Das hat wohl hiermit zu tun: *java.lang.ClassFormatError*



			
				API-Doc hat gesagt.:
			
		

> Thrown when the Java Virtual Machine attempts to read a class file and determines that the file is malformed or otherwise cannot be interpreted as a class file.

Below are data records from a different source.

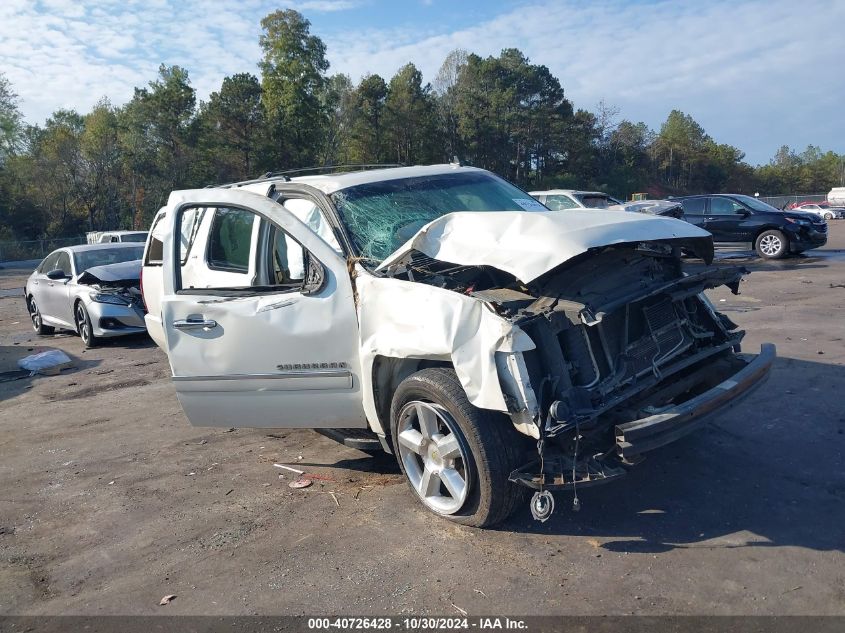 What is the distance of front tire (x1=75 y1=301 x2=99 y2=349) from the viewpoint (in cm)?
1050

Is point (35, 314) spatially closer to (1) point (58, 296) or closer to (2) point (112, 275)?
(1) point (58, 296)

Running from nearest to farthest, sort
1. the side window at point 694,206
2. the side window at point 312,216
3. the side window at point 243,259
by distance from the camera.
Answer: the side window at point 312,216 → the side window at point 243,259 → the side window at point 694,206

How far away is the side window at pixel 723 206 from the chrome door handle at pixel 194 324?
1737 centimetres

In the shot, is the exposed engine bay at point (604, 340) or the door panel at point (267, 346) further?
the door panel at point (267, 346)

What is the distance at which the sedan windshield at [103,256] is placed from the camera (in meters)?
11.5

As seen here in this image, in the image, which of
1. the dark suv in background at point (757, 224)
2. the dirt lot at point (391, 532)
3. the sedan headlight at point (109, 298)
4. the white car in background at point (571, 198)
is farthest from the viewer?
the dark suv in background at point (757, 224)

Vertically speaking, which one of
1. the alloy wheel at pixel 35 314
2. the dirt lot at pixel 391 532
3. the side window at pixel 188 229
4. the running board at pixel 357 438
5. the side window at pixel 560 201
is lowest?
the dirt lot at pixel 391 532

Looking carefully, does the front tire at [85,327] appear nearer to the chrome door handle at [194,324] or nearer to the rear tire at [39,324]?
the rear tire at [39,324]

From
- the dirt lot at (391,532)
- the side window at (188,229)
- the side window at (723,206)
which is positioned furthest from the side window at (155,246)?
the side window at (723,206)

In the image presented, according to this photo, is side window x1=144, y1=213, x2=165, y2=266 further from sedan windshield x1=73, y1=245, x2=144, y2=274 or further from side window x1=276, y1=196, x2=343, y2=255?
sedan windshield x1=73, y1=245, x2=144, y2=274

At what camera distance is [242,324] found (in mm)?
4461

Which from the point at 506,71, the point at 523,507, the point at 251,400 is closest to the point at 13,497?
the point at 251,400

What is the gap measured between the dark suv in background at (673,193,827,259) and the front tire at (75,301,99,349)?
45.0 feet

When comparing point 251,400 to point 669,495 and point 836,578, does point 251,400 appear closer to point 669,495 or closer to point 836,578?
point 669,495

Übersetzt klingt das immer so hart...: Wird geworfen, wenn die VM versucht eine class-Datei zu lesen und dabei feststellt, dass die Datei missgebildet oder nicht als class-Datei interpretiert werden kann.


----------



## Wildcard (25. Jan 2009)

Das hört sich ja fast so an als sei durch den Absturz eine jar Datei zerstört worden  ???:L .
Lad es dir nochmal runter und überschreib die alte Installation, deine Daten bleiben dabei erhalten.


----------



## Spacerat (25. Jan 2009)

Gut... das ist zwar die Holzhammer-Methode, aber geht wohl am schnellsten. Hab' mir sowas schon gedacht, obgleich ich gerade nicht mal mit irgendwelchen Dateien hantiert habe. War lediglich ein erster Gehversuch mit so 'nem ShutDownHook. Steckt wohl doch mehr dahinter als das instanzieren eines einfachen Threads. Ich hoffe das passiert nicht all zu oft.

Naja... Danke für den Tip.

mfg Spacerat


----------